# Oddity in Nissin i40 flash slave -- or not?



## jonathan7007 (Nov 2, 2015)

I was out on the street at 5am with the bicyclist posing in front of me. We had been asked to do a simple shot so on a low tripod to allow me to drag the shutter to render street and commercial lights while a 580EX2 -- set for Manual -- was on the shoe of the 1DsMark3. Assistant to my right had, in hand, a Nissin i40 and the plan was to side-light the subject with this little unit firing slaved -- optically. I have often used this small flash in interiors I shoot when some dark nook requires a slaved light kick in a hard-to-hide-the-flash place. That experience ws always with my Einsteins.

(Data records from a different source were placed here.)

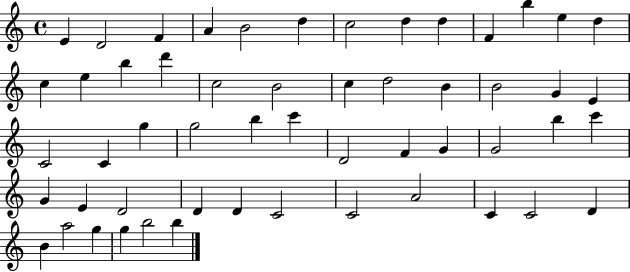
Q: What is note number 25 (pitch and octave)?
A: E4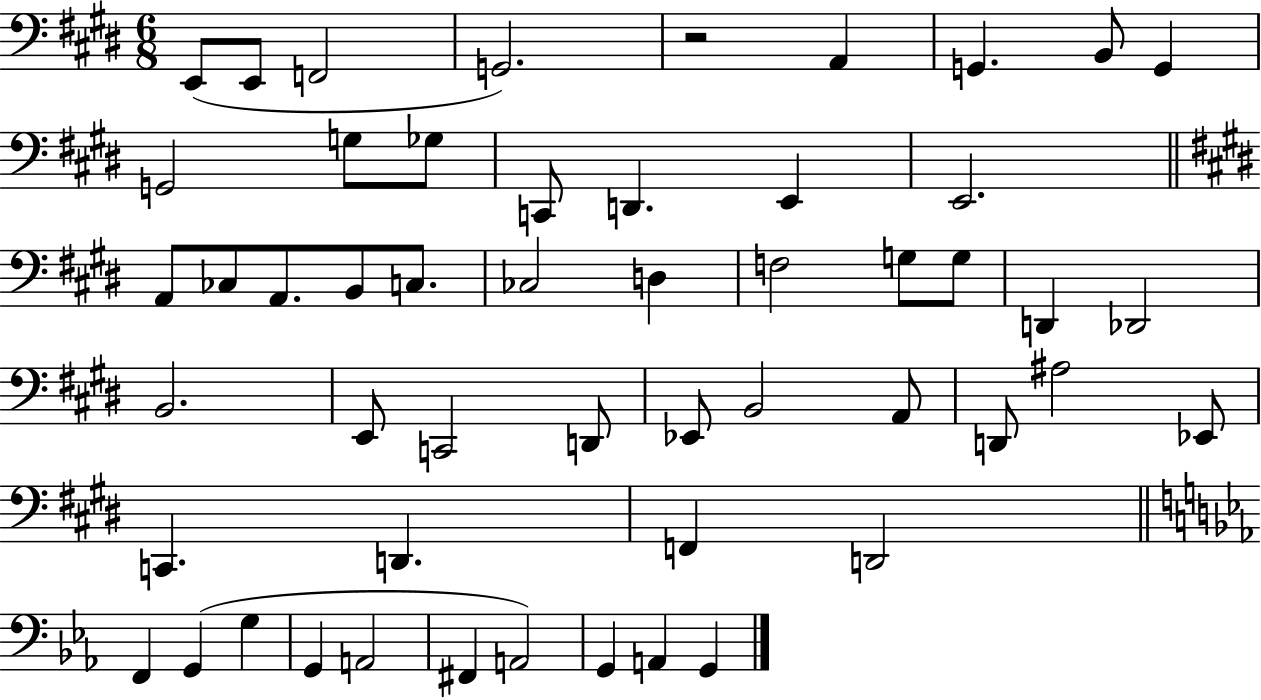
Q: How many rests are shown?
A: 1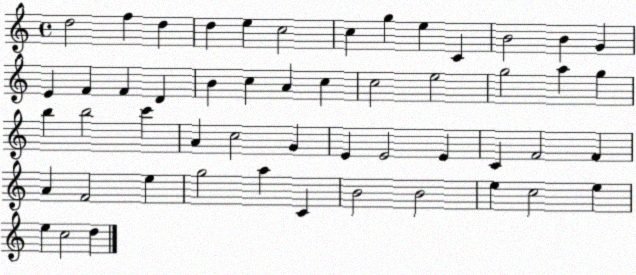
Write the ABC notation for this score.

X:1
T:Untitled
M:4/4
L:1/4
K:C
d2 f d d e c2 c g e C B2 B G E F F D B c A c c2 e2 g2 a g b b2 c' A c2 G E E2 E C F2 F A F2 e g2 a C B2 B2 e c2 e e c2 d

As usual, I set the Nissin for Slave-Digital ("Sd") and to my annoyance it did not fire even when placed right in front of the 580 (as a test). We gave up the sidelight idea, had only a minute or two to finish.

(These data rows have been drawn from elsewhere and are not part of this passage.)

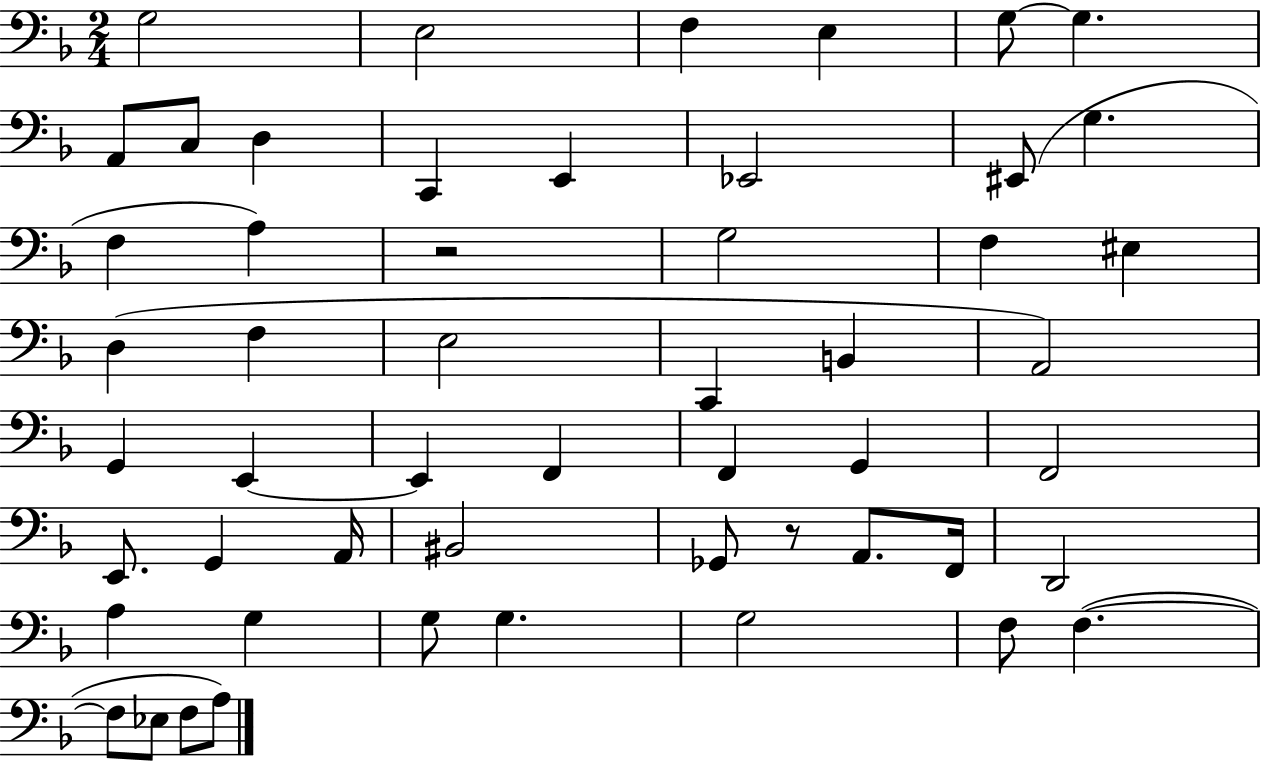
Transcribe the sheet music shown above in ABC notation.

X:1
T:Untitled
M:2/4
L:1/4
K:F
G,2 E,2 F, E, G,/2 G, A,,/2 C,/2 D, C,, E,, _E,,2 ^E,,/2 G, F, A, z2 G,2 F, ^E, D, F, E,2 C,, B,, A,,2 G,, E,, E,, F,, F,, G,, F,,2 E,,/2 G,, A,,/4 ^B,,2 _G,,/2 z/2 A,,/2 F,,/4 D,,2 A, G, G,/2 G, G,2 F,/2 F, F,/2 _E,/2 F,/2 A,/2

Later I tested in my office and saw that with the 580ex2 I could get slaved fire from the i40 at "Sf", what Nissin calls, "slave-film". 

I don't know what is different than my experience with my Einsteins. Yes, we were outside which can be a problem for slaves, but it was still dark... no ambient to speak of. I was on Manual so no preflash. I was shooting at 1/8/or 1/16th, but the unit didn't fire right in front of the 580's tube as a test.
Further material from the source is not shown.